The GVS takes as input a dataframe consisting of two columns: latitude and longitude (in that order). We provide an example dataset, gvs_testfile.

library(GVS)

# Load the sample dataset

gvs_data <- gvs_testfile

# View the structure
head(gvs_data)
##      latitude    longitude
## 1   36.580435    -96.53331
## 2 39.80818224 -91.62289157
## 3          46           25
## 4    52.92755       4.7864
## 5    52.54731     -2.49544
## 6      -23.62       -65.43

To run data through the GVS, we use the function GVS

gvs_results <- GVS(occurrence_dataframe = gvs_data)

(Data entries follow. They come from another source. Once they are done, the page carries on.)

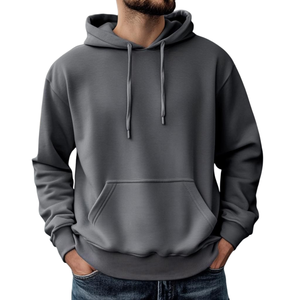 Ensemble sweat à capuche et pantalon en polaire polyester pour homme, avec logo personnalisé imprimé, survêtement décontracté d'hiver - Product Image 5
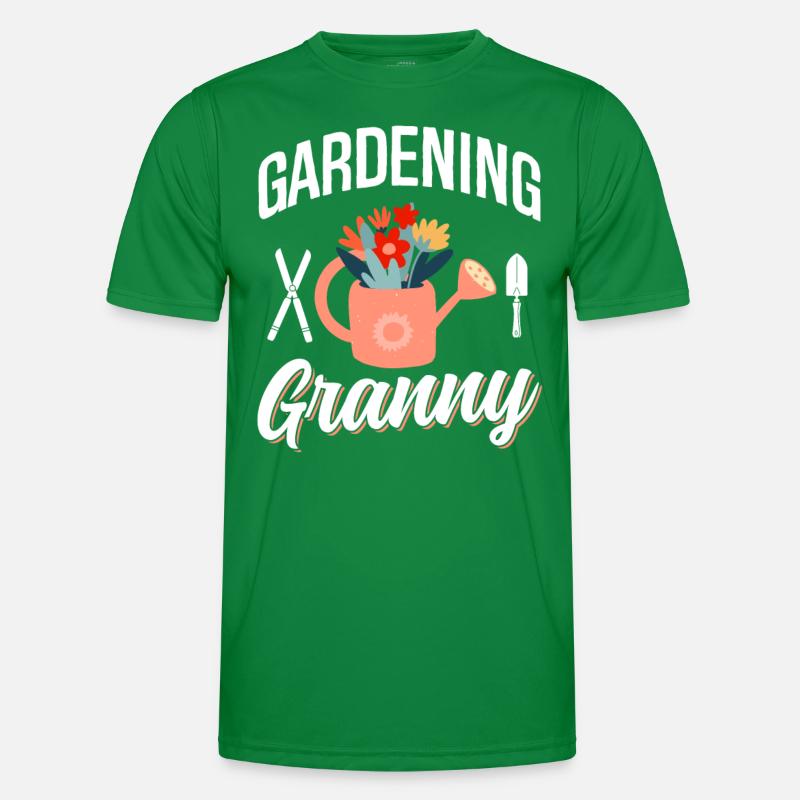 Gartenarbeit Oma Gärtnerin Garten Großmutter Männer Funktions-T-Shirt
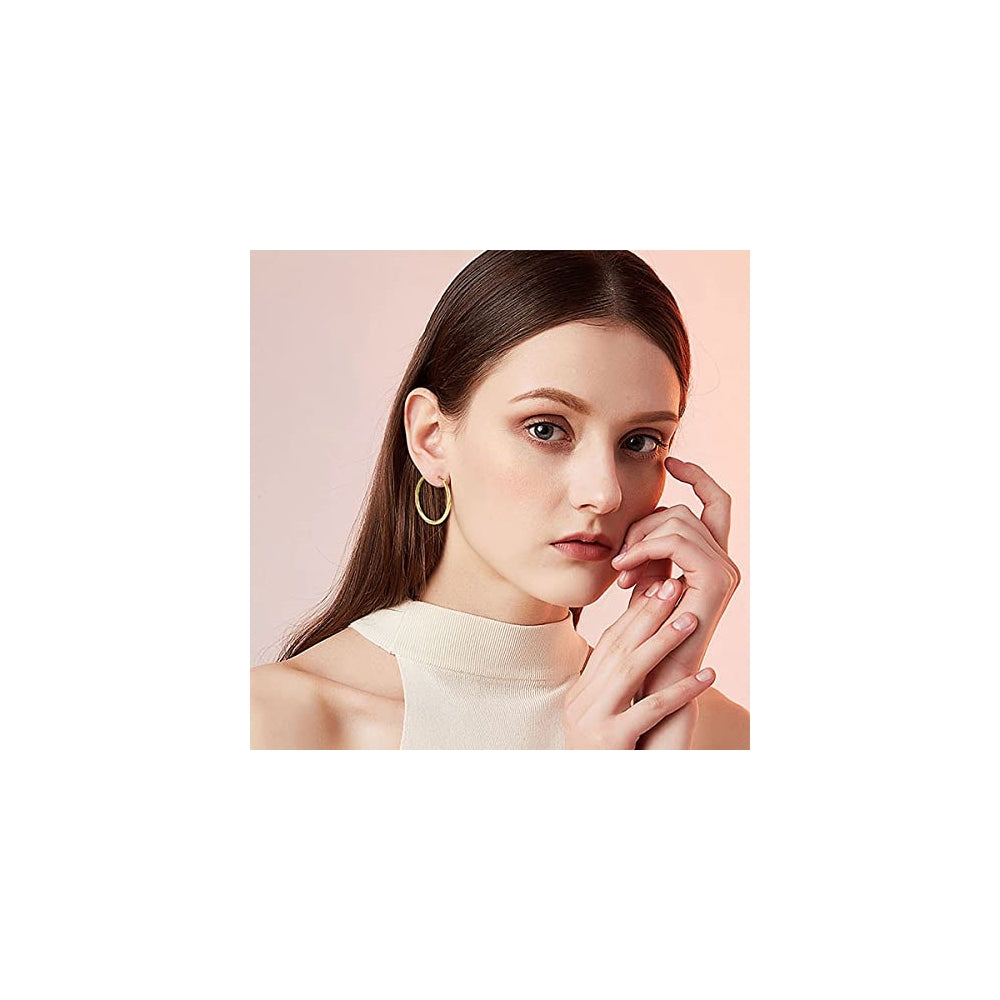 Aretes de aro con clip para mujer sin perforación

# The resulting output has a lot of information that can be used in data cleaning.

colnames(gvs_results)
##  [1] "id"                                "latitude_verbatim"                
##  [3] "longitude_verbatim"                "latitude"                         
##  [5] "longitude"                         "user_id"                          
##  [7] "gid_0"                             "country"                          
##  [9] "gid_1"                             "state"                            
## [11] "gid_2"                             "county"                           
## [13] "country_cent_dist"                 "country_cent_dist_relative"       
## [15] "country_cent_type"                 "country_cent_dist_max"            
## [17] "is_country_centroid"               "state_cent_dist"                  
## [19] "state_cent_dist_relative"          "state_cent_type"                  
## [21] "state_cent_dist_max"               "is_state_centroid"                
## [23] "county_cent_dist"                  "county_cent_dist_relative"        
## [25] "county_cent_type"                  "county_cent_dist_max"             
## [27] "is_county_centroid"                "subpoly_cent_dist"                
## [29] "subpoly_cent_dist_relative"        "subpoly_cent_type"                
## [31] "subpoly_cent_dist_max"             "is_subpoly_centroid"              
## [33] "centroid_dist_km"                  "centroid_dist_relative"           
## [35] "centroid_type"                     "centroid_dist_max_km"             
## [37] "centroid_poldiv"                   "max_dist"                         
## [39] "max_dist_rel"                      "latlong_err"                      
## [41] "coordinate_decimal_places"         "coordinate_inherent_uncertainty_m"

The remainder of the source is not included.